▶ _The data_:
——————————
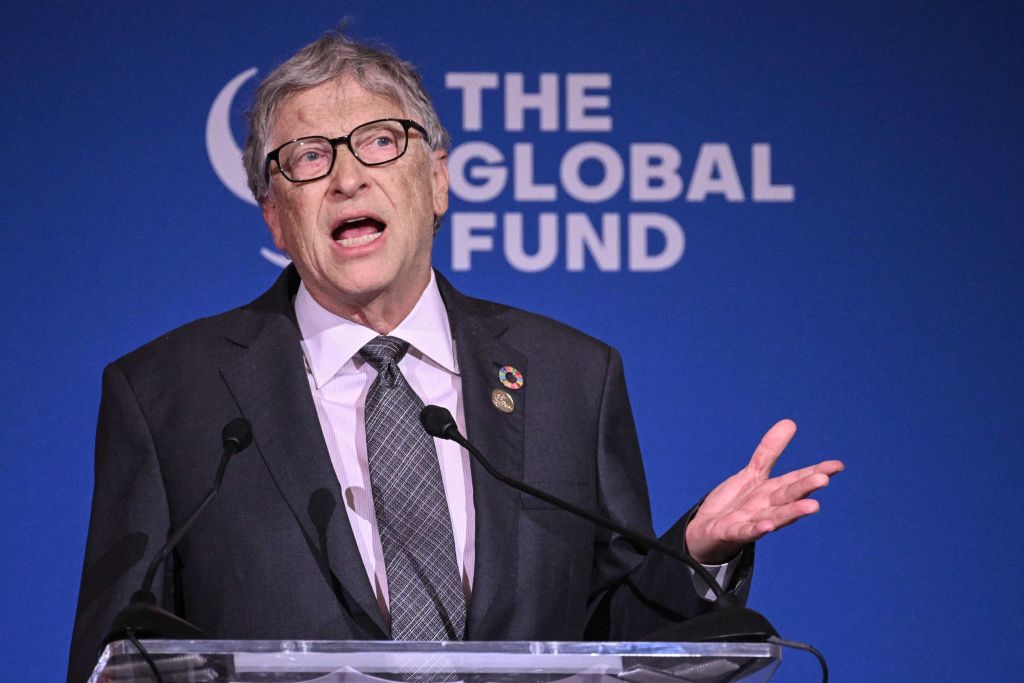 Bill Gates Wants ‘Global Group’ to ‘Score’ Humanity in Coming Years, All for ‘Pandemic Preparedness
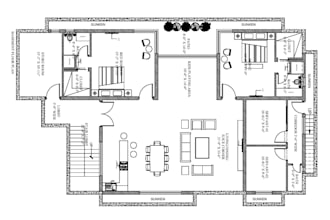 quantity estimation for civil related works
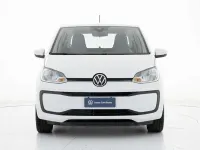 Usata VW up! move up! 65 CV (47 kW) 2023 Bianco Utilitaria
——————————
▶ _What the task requires_: Go through the material above and repeat it exactly. Omit the pictures.

▶ _Your response_:
 Bill Gates Wants ‘Global Group’ to ‘Score’ Humanity in Coming Years, All for ‘Pandemic Preparedness
 quantity estimation for civil related works
 Usata VW up! move up! 65 CV (47 kW) 2023 Bianco Utilitaria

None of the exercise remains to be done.